Work request
Among the entries below, find the line with "Ariana Sweater - Warm Beige" and the line with "Photo 13 of De beugel 53". Return exactly those lines and every line between them, but no pictures.

Data for processing
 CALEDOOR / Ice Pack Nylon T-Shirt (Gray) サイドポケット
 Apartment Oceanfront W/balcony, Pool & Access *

--

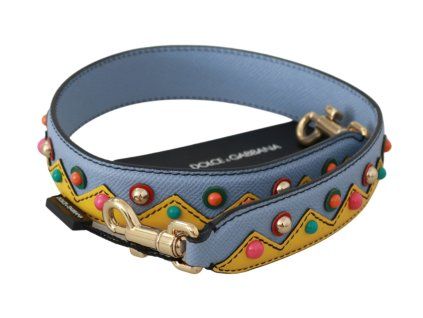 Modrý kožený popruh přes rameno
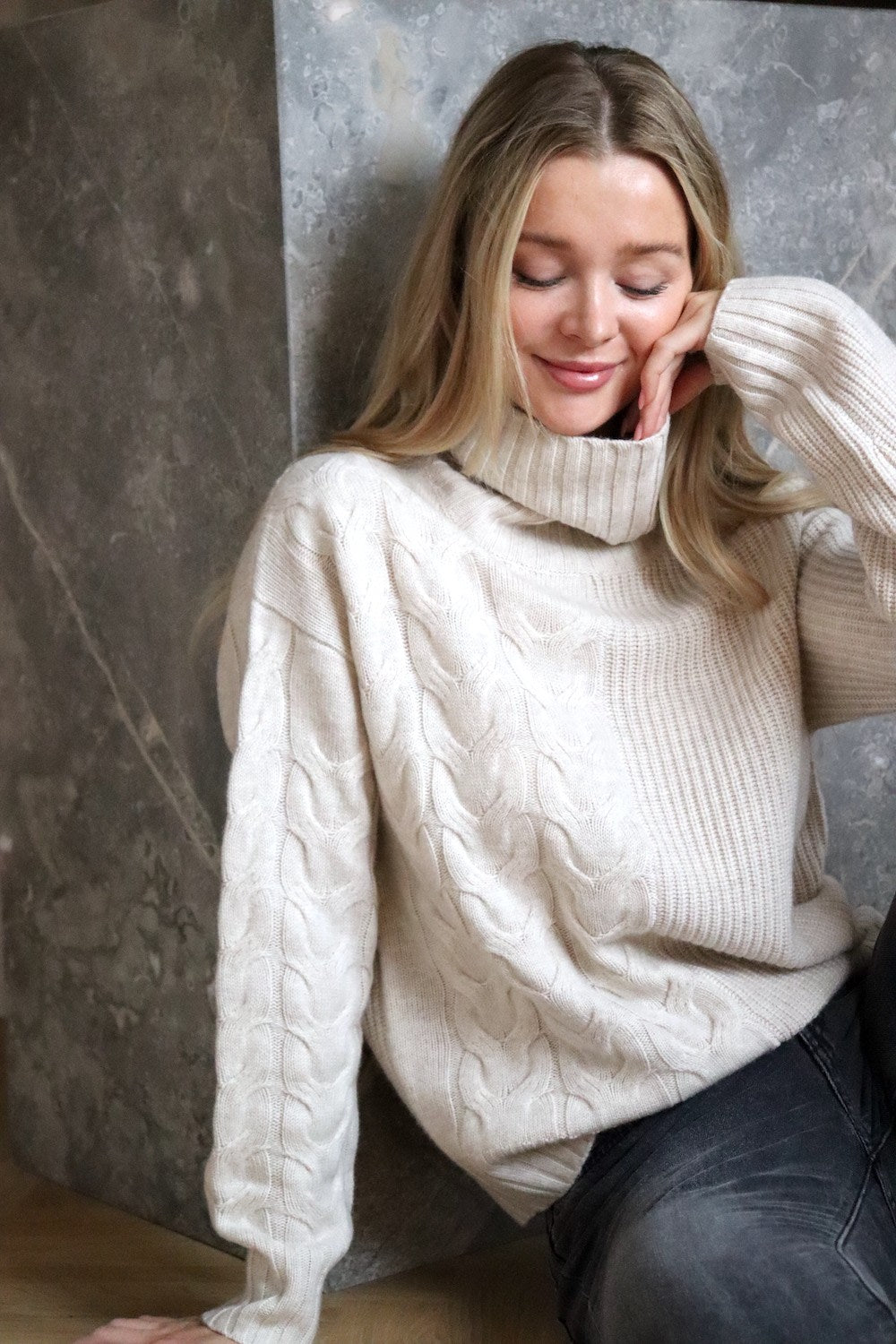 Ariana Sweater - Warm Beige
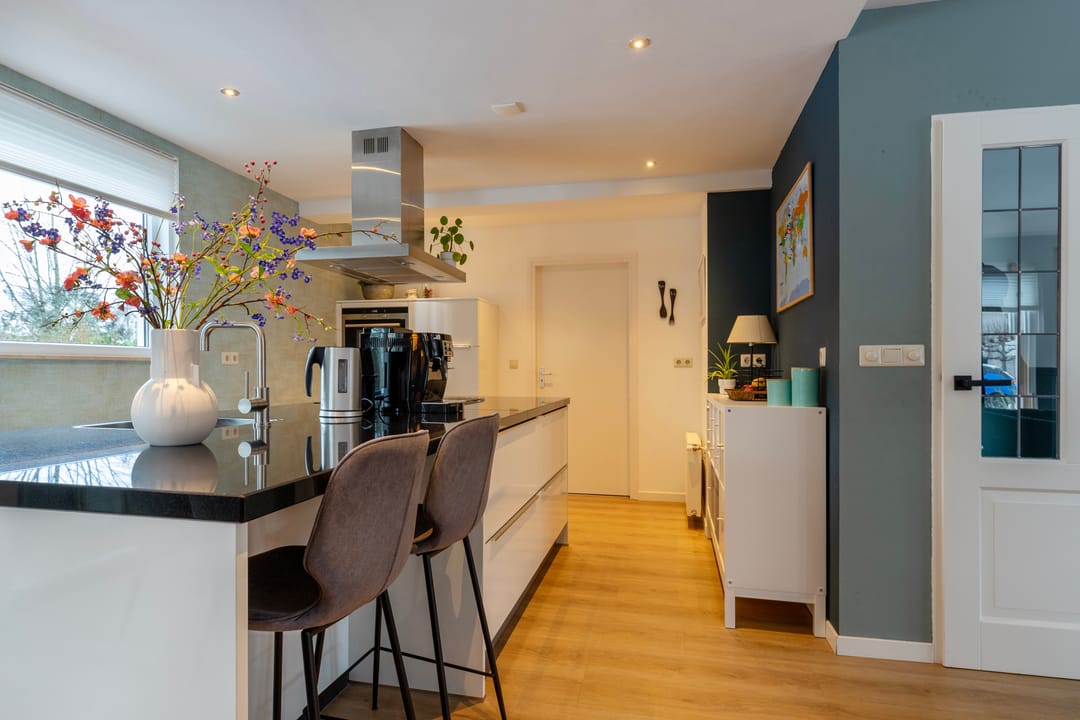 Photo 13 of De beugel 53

Reply
 Ariana Sweater - Warm Beige
 Photo 13 of De beugel 53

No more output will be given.